Install with GCS dependencies:

pip install s3contents[gcs]

s3contents vs X

While there are some implementations of an S3 Jupyter Content Manager such as s3nb or s3drive s3contents is the only one tested against new versions of Jupyter. It also supports more authentication methods and Google Cloud Storage.

This aims to be a fully tested implementation and it's based on PGContents.

Configuration

Create a jupyter_notebook_config.py file in one of the Jupyter config directories for example: ~/.jupyter/jupyter_notebook_config.py.

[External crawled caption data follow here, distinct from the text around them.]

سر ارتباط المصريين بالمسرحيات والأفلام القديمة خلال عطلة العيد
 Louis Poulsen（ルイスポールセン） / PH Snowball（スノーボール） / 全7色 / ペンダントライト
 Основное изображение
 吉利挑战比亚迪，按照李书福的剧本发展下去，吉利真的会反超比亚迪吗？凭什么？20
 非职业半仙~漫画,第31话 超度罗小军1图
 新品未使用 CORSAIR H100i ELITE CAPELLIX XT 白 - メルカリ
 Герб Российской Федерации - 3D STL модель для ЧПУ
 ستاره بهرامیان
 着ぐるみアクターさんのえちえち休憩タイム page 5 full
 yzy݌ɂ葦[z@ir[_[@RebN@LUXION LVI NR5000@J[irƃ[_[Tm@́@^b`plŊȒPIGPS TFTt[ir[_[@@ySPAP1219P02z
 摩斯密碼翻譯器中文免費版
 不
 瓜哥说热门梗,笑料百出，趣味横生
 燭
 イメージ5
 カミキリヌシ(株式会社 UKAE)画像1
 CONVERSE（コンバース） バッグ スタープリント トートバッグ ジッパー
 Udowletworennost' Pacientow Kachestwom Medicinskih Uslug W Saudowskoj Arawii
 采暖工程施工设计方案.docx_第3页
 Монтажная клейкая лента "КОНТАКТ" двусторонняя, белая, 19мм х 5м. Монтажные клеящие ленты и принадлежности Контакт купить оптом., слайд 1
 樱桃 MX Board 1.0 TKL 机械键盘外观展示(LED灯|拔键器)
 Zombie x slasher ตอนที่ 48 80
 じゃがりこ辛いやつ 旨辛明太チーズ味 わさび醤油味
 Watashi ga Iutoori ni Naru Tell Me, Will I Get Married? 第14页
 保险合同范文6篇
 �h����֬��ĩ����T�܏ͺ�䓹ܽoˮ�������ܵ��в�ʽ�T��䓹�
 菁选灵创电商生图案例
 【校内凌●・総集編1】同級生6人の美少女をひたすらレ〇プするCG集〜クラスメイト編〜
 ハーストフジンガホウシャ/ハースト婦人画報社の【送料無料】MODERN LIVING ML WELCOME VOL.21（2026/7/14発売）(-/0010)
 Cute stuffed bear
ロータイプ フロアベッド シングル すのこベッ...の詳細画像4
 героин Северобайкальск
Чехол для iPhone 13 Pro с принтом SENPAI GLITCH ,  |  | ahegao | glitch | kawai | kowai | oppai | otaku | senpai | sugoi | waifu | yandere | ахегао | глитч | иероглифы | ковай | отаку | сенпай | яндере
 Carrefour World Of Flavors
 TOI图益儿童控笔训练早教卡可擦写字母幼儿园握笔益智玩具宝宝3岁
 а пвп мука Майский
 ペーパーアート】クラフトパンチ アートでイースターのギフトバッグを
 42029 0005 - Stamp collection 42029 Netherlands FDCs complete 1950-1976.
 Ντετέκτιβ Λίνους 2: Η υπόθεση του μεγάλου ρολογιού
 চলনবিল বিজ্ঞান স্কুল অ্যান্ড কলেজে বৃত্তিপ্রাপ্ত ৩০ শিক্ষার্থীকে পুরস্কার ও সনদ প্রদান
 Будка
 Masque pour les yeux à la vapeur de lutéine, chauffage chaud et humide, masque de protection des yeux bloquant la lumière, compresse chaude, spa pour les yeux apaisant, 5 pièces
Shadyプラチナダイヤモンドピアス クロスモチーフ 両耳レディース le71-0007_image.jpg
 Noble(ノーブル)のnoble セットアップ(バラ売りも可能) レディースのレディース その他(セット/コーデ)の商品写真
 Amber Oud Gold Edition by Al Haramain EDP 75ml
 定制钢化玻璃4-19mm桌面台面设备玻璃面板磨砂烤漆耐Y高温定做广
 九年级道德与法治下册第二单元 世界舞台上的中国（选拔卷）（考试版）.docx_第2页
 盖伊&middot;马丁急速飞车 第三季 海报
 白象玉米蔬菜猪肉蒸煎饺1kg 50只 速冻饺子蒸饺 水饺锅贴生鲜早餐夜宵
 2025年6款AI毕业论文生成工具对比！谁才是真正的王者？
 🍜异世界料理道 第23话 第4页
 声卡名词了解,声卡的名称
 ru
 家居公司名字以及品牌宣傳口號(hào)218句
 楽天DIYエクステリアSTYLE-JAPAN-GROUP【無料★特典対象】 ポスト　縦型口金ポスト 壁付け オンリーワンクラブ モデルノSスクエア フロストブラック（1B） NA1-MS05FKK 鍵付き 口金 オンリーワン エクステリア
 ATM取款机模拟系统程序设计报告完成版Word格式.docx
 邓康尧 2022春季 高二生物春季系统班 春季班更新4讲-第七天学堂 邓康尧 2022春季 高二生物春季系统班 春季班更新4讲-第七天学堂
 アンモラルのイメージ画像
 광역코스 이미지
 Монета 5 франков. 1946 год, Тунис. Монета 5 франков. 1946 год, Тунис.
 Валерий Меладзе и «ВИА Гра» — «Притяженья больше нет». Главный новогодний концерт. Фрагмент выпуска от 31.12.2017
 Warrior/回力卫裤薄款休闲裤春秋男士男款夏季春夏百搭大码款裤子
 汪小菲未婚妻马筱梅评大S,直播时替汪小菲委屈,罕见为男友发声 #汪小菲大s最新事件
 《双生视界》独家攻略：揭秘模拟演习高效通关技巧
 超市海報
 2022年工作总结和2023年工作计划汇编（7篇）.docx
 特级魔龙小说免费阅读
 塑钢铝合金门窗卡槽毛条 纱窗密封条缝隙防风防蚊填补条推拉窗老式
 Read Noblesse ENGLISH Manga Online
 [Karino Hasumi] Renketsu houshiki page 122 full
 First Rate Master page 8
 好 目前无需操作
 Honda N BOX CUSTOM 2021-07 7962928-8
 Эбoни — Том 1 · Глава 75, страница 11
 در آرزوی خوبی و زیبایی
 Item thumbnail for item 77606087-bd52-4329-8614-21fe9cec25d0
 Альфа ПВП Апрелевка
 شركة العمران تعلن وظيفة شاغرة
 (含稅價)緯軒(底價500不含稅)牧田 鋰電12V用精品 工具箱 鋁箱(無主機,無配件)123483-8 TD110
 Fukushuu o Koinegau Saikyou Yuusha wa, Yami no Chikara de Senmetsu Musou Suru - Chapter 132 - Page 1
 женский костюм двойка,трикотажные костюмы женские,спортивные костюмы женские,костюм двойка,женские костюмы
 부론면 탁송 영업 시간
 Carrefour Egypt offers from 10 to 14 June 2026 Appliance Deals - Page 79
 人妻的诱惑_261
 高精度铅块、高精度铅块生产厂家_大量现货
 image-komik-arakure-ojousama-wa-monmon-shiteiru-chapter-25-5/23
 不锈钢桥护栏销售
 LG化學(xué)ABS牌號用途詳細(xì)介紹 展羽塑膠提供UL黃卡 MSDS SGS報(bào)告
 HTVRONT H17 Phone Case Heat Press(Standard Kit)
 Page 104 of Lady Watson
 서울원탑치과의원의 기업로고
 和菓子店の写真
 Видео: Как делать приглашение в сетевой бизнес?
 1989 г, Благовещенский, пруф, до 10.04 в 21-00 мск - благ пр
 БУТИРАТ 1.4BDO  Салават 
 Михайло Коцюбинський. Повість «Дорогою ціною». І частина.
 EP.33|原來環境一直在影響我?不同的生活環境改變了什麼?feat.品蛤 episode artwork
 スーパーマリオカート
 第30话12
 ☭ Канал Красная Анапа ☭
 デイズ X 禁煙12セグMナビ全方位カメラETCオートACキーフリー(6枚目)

Jupyter Notebook Classic: If you plan to use the Classic Jupyter Notebook interface you need to change ServerApp to NotebookApp for all the examples on this page.

AWS S3

from s3contents import S3ContentsManager

c = get_config()

# Tell Jupyter to use S3ContentsManager
c.ServerApp.contents_manager_class = S3ContentsManager
c.S3ContentsManager.bucket = "<S3 bucket name>"

# Fix JupyterLab dialog issues
c.ServerApp.root_dir = ""

Authentication

Additionally you can configure multiple authentication methods:

Access and secret keys:

c.S3ContentsManager.access_key_id = "<AWS Access Key ID / IAM Access Key ID>"
c.S3ContentsManager.secret_access_key = "<AWS Secret Access Key / IAM Secret Access Key>"

Session token:

c.S3ContentsManager.session_token = "<AWS Session Token / IAM Session Token>"

AWS EC2 role auth setup

It also possible to use IAM Role-based access to the S3 bucket from an Amazon EC2 instance or AWS resource.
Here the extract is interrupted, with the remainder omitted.